But in our chat right now, he also graciously agreed to take questions afterwards in any and all topics, and having chatted with him a little bit, I hope you'll take him up on that because if you won't, I will.

So please join me in giving a warm welcome to Railroad Commissioner Michael Williams.

Welcome. Thank you.

Commissioner Williams: Thank you. Thank you.

Thanks. Thanks a lot. It's my pleasure to have an opportunity to visit with you, and I thank you for the introduction. And Dana, it's good to be with you, Professor Roberts, and we thank you. Thanks for not only the invitation but also for all the work you've been doing with us on a very, very important project that I'm engaged in right now.

You've already seen I'm a little bit different. You know, I tell people I wouldn't stand behind something like this unless I thought you were going to shoot at me, and we ought to be fairly safe right now. I'm an old litigator, so I like to get close to my jury, and so that's what I'm going to attempt to do.

Look, you know, I've been asked to sort of talk about energy issues. But if you don't mind, let me just spend a fair amount of time talking about energy. And as I mentioned to Jim, I hope you will take me up on the invitation to ask me whatever about politics or policy that may sort of cross your mind.

Now, one of the things I do, though, that is sort of customary, and I've done it in the seven years that I've been a commissioner, is not only sort of thank folks for the invitation, but sort of thank you, because the people of Texas worked hard enough in 2000 and then in 2002 to elect a bald-head guy to wear his bowties and cowboy boots and send me to the Railroad Commission of Texas, and so I thank you.

And if you weren't part of that group, don't worry about it. In about 2008 you'll get another chance, so, you know but the other thing is that there is a person who made it possible, as was mentioned, for me to be a member of the commission in the first place, and that's the person who appointed me. He used to be our Governor who's now our President.

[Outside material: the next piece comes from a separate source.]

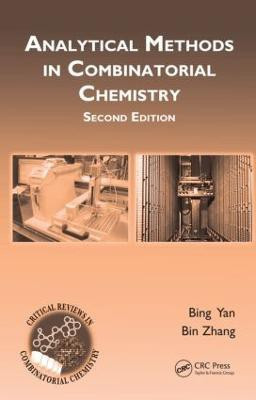 Analytical Methods in Combinatorial Chemistry(English, Hardcover, Yan Bing)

That's President Bush, and the interesting thing is that the President and I have known each other for a fairly long time. It goes back to when we were members of the United Way of Midland together back in 1980.

And even though I have now run for statewide office twice, the first time I ran for political office was in 1984. I ran for County Attorney in my hometown of Midland, Texas. And I had a good campaign manager whose name was George W. Bush. And we got absolutely clobbered in the Republican primary.

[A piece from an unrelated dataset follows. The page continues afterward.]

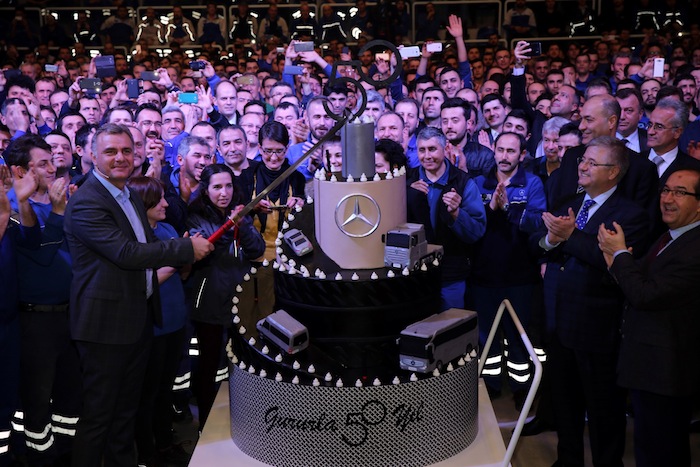 Mercedes-Benz Türk Hoşdere Otobüs Fabrikası 50.Yıl Kutlaması (1)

So then I went off and worked for President Reagan and then the first President Bush, and so I continue to thank my good friend for giving me the opportunity to serve you and be on that strangely named thing called the Railroad Commission of Texas.

I know somebody going to ask me, so let me get it ought of the way. What where'd you guys what do you do and why is it called the Railroad Commission? First of all, I had nothing to do with railroads. We have 800 no, really; we have 800 employees at the Railroad Commission of Texas, and at the last legislative session, we had 24 that dealt with railroads. They dealt with safety where there's a crossing guard and an electronic warning device.

And so we asked the Legislature, because we want to create and expand and enhance upon what we believe is a premier State energy policy agency in the country, we wanted to enhance upon that. So we said, Look, move the Rail Division from the Texas Railroad Commission to Texas Department of Transportation. There's some other energy-related activities elsewhere in State Government. Move that to the Railroad Commission of Texas and, oh, by the way, change the name. And the Legislature did a lot of what we asked.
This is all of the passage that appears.